On July 17, 2017, the USCIS announced another revised version of Form I-9, Employment Eligibility Verification. The Handbook for Employers: Guidance for Completing Form I-9 (M-274) has also been revised and is available on the USCIS website.
The latest version may be used for any employees hired on or after July 17, 2017. The November 14 2016 version may be used through September 17, 2017. The new Form I-9 becomes mandatory on September 18, 2017.
Changes in the Latest Version:
The Form I-9 instructions in the Handbook For Employers have been revised as follows:
- The words “the end of” have been removed from the phrase “the first day of employment.”
(Remember: Section 1 must completed by the employee no later than the first day the employee starts work).
- The Office of Special Counsel for Immigration-Related Unfair Employment Practices has been changed in the I-9 instructions to reflect its new name, Immigrant and Employee Rights Section.
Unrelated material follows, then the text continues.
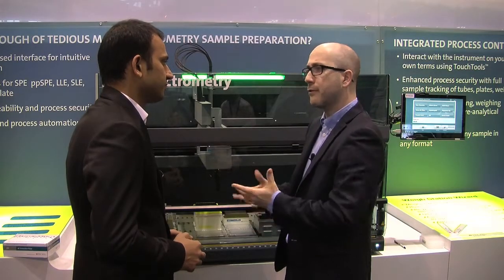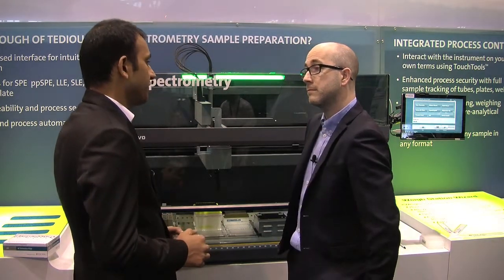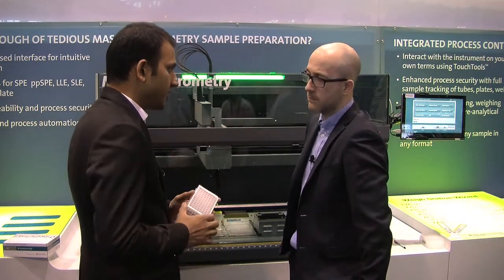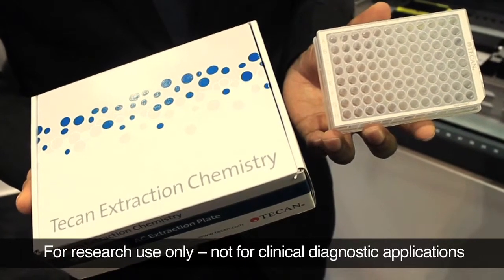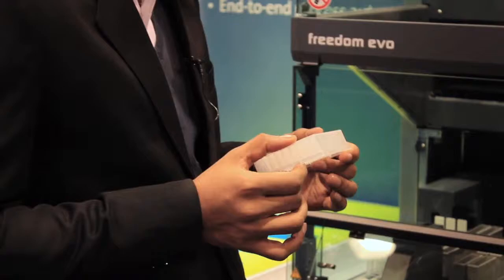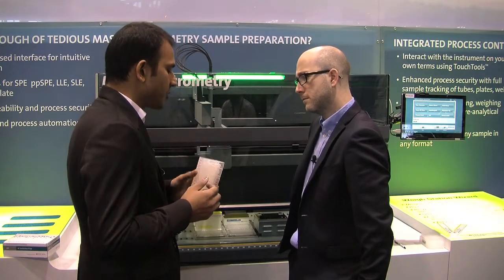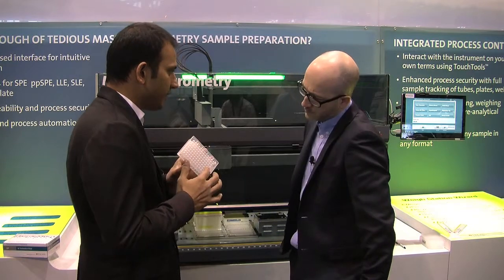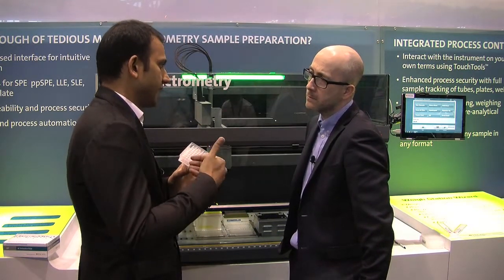Finally, are there any other products you're highlighting here at PitCon? Sure. There's an exciting new product that we've launched recently which is called the AC extraction plate. This is an extraction chemistry that allows for sample preparation for small molecules from plasma, from serum, from urine samples. It has a proprietary coating at the base of the plate which allows for absorption of molecules on that coating, thus enabling their extraction.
The List of Acceptable Documents has been revised as follows:
- Form FS-240, Consular Report of Birth Abroad, has been added as a valid List C document to confirm employment authorization. Employers completing Form I-9 electronically may select Form FS-240 from the drop-down menus in List C of Section 2 and Section 3. E-Verify users will also be able to select Form FS-240 when creating a case for an employee who has presented this document.
- The new Form I-9 combines all birth certifications issued by the Department of State (Form FS-545, Form DS-1350 and Form FS-240) into selection C #2 in List C.
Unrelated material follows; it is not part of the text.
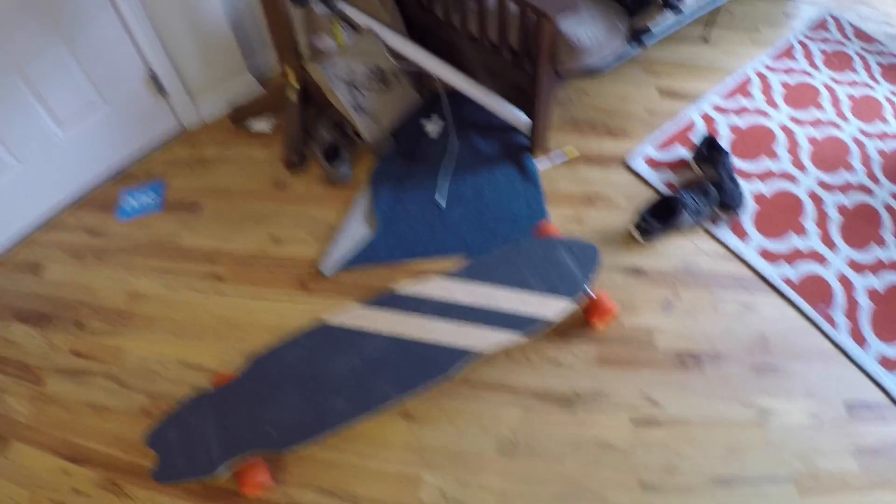This is the skateboard I made with my dad. I don't have a longboard mount for this camera, but what I do have is my belt clip mount and tape. Hopefully it'll be cool. This could work. Not only have I not been longboarding in like a year, but when I was longboarding, I was terrible at it.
- All List C documents have been renumbered except the Social Security card. For example, the employment authorization document issued by the Department of Homeland Security on List C will change from List C #8 to List C #7.
To minimize the chances of using an out-of-date Form I-9, I suggest you alert and train your HR staff and begin using the July 17 Form I-9 immediately for new hires. And don’t forget that if you use the electronic version of the Form I-9, you are required to print it and sign it, and retain the paper version for your records.
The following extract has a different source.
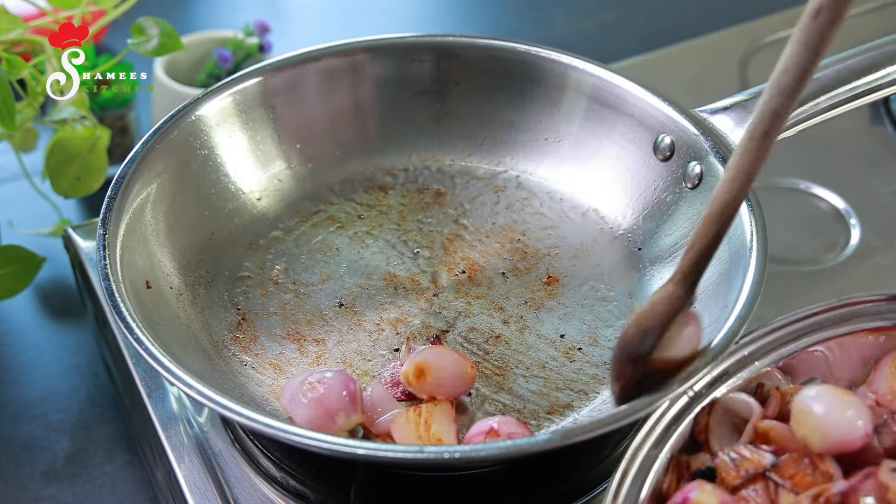We will mix it in a mixer jar — a small mixer jar. I want to keep it smooth. We will mix it in the mixer jar with a bowl.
Although the changes to the Form I-9 are minimal, failure to comply by the September 18, 2017 deadline can result in significant fines. Penalties assessed after August 1, 2016 for mere paperwork violations that occurred after November 2, 2015 range from a minimum of $216 to a maximum of $2,156 per individual. Immigration and Customs Enforcement announced increases in fines for Form I-9 violations last year, and those fines are indexed, meaning they will be raised every year.
The material in this blog is not intended, nor should it be construed or relied upon, as legal advice. Please consult with an attorney if specific legal information is needed.